• Exercise input:

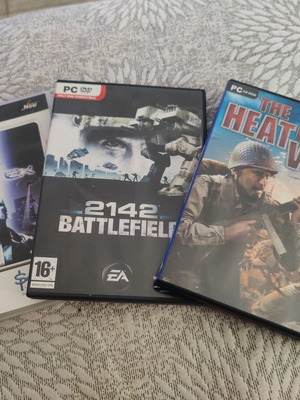 PC Games Bundle like new with Deus Ex, Battlefield 2142, The Heat of War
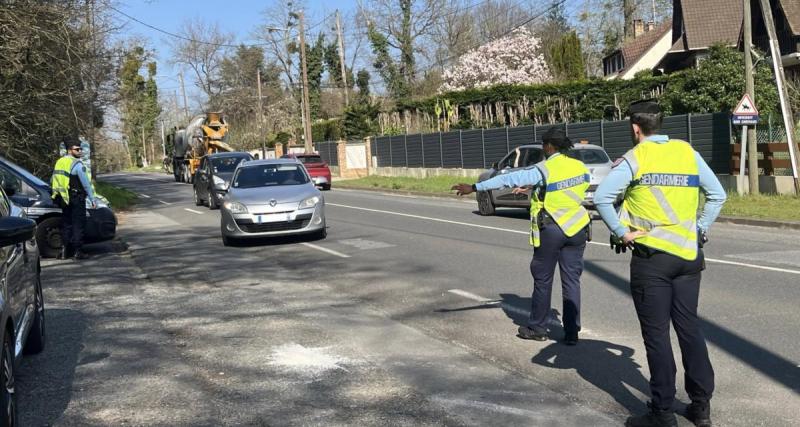  - Les gendarmes interpellent un conducteur sur le bas-côté... Ils le retrouvent en pleurs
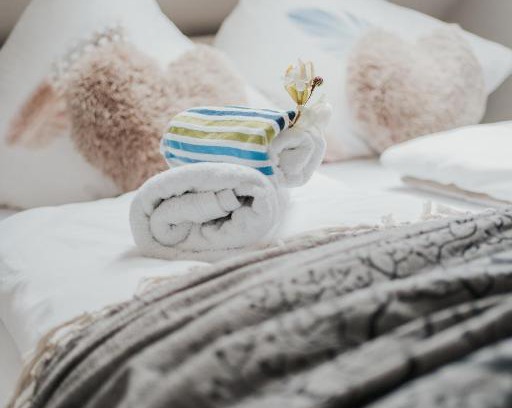 Fischbach Apartment | Wohnoffice mit Übernachtungsmöglichkeit Residenz Manzell Kiba 24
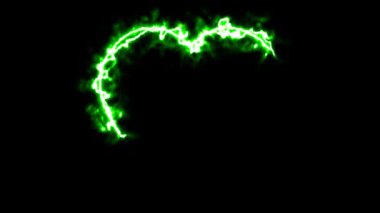 Sade siyah arkaplanda yeşil enerji etkisine sahip kalp şekli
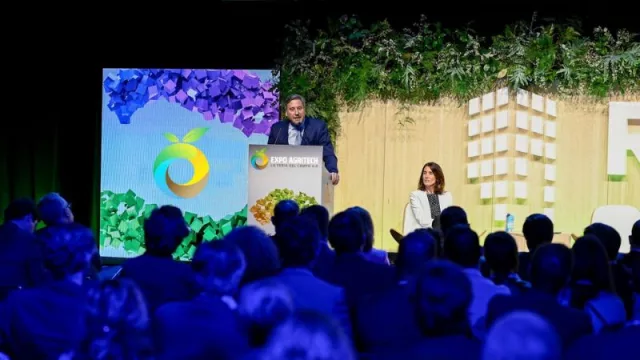 La tecnología entra en la horticultura: de los gemelos digitales, a la robotización y la iluminación LED para optimizar la producción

• Prompt: Quote exactly the lines from the one that contains "Sade siyah arkaplanda" through the end of the listing above, both ends included, leaving out the pictures.

• Problem solution:
 Sade siyah arkaplanda yeşil enerji etkisine sahip kalp şekli
 La tecnología entra en la horticultura: de los gemelos digitales, a la robotización y la iluminación LED para optimizar la producción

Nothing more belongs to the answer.